On voit dans un passage du roman le héros, suite à la mort de son père, marin pêcheur, dans un tragique accident, où il a été mortellement blessé par un cœlacanthe. Ce poisson rare remonte à avant les dinosaures, il y a des centaines de millions d’années, et on pensait qu’il avait disparu, jusqu’à ce qu’il réapparaisse dans cette région au cours du XXe siècle. Il est devenu un symbole de l’identité comorienne. Dans ce roman, on retrouve la botanique rare des îles, son monde maritime et les sites touristiques primitifs. Je trouvais normal que cela soit au centre du roman. Personnellement, je m’intéresse au désastre du changement climatique et je crois que quiconque espère un avenir meilleur pour les générations futures devrait se préoccuper du désastre qui menace tout le monde sans exception.
Masiwa – pourtant, un véritable tabou pèse sur les pratiques « dites modernes » du Anda ?
Awadhi Hafidh – Le roman pousse le débat à examiner plus à fond dans un processus critique, la passivité des notables et du système social face aux sujets tabou en vertu des convenances sociales et morales. On voit dans un passage du roman, Moina Arafa dit que « le plus jeune oncle a suivi les traditions comoriennes et s’est marié tardivement, environ un mois après son retour de l’île de Madagascar.
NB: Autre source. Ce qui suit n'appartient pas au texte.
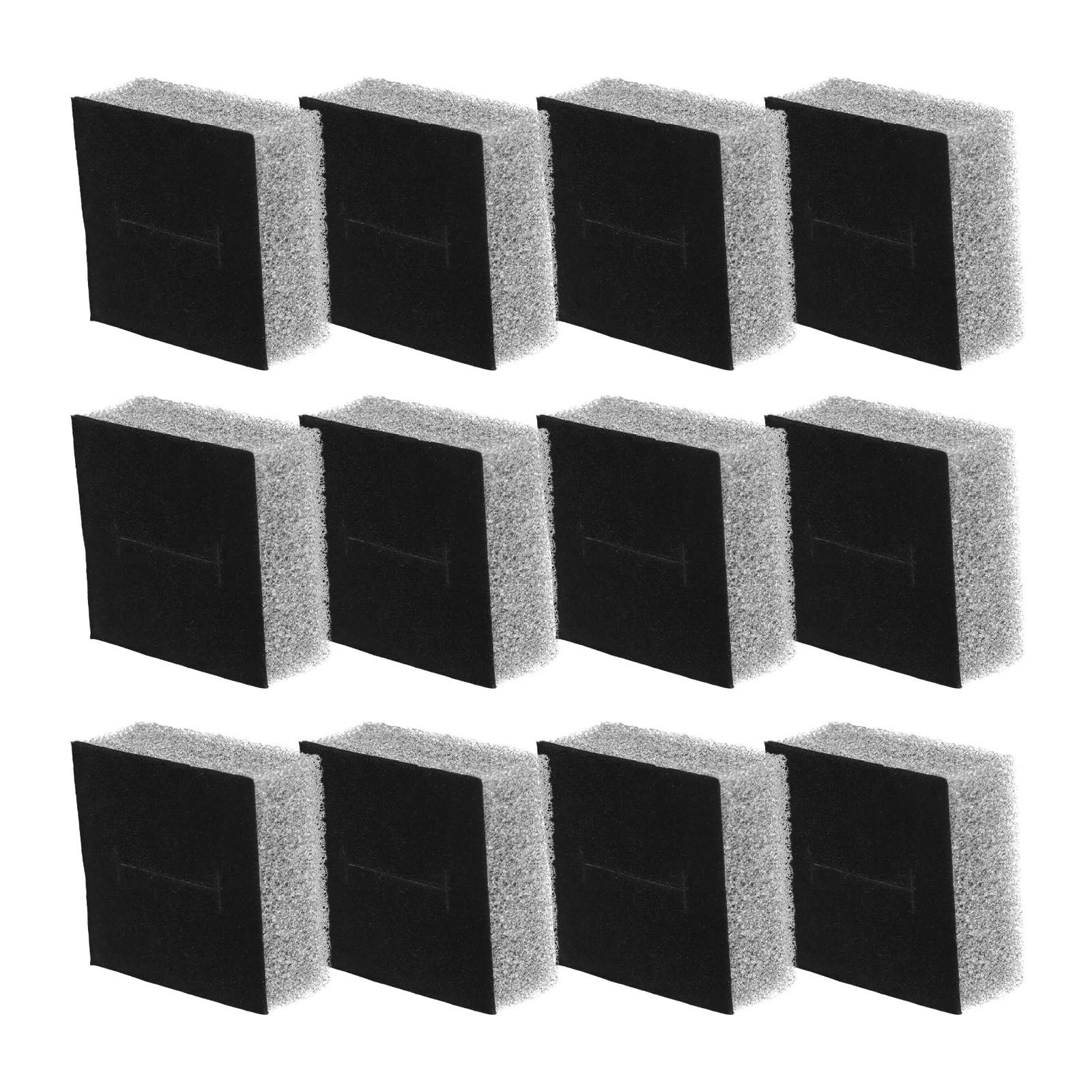 LSNNMU 25Pcs Jewelry Display Case Inserts Sponge Foam Pad Cushion Ring Earring Organizer Tray Showcase Holder Storage For Jewelry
Il semblait préserver les traditions du grand mariage comme s’il n’avait jamais quitté l’île, alors il accéda au titre de notable et obtient le statut… bonheur et satisfaction, il est devenu finalement – un homme important, après avoir compris le sens et le but des coutumes grâce à son travail dans des zones reculées, aux expériences qu’il a vécues et à sa connaissance diversifiée des montagnes, des mers et les arbres ombragés, verts et fleuris ».
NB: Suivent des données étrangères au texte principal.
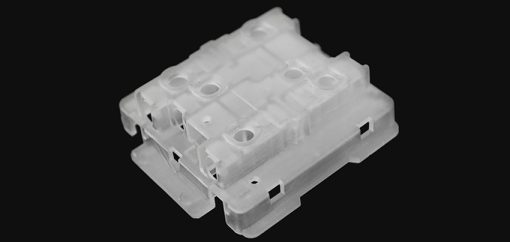 Stereolithography SLA 3D printed high-resolution functional prototype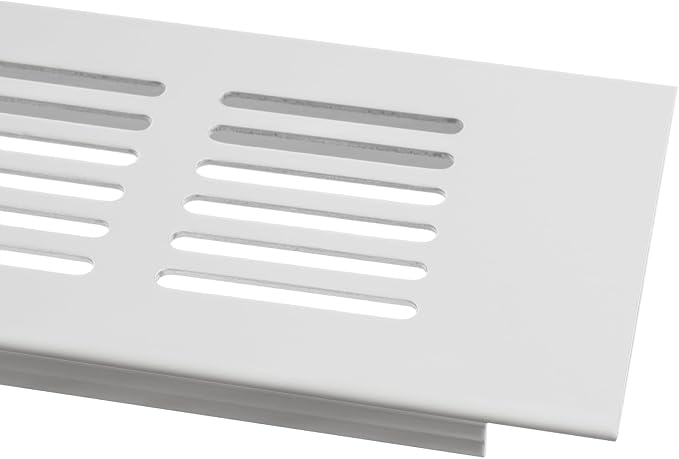 Vent Systems 19.69 x 2.36 Inch Air Supply Ventilation Grille - Image 8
Masiwa – C’est aussi une histoire d’amour ?
Awadhi hafidh- C’est une histoire d’amour qui a abouti au mariage et la récupération par Jaafar de son identité de citoyen comorien. “L’amour est une croyance et un lieu où tout le monde est accueilli”.
Masiwa – Est-ce qu’il y aura un autre livre prévu dans un avenir proche ?
Awadhi Hafidh – « Les quatre faces des îles » est le premier livre que je publie. J’ai un autre roman qui est dans le processus pour une publication au mois de janvier prochain, j’espère. Et je suis dans la finalisation d’un troisième roman, j’espère dans quelques mois. C’est un rêve infini comme je dis.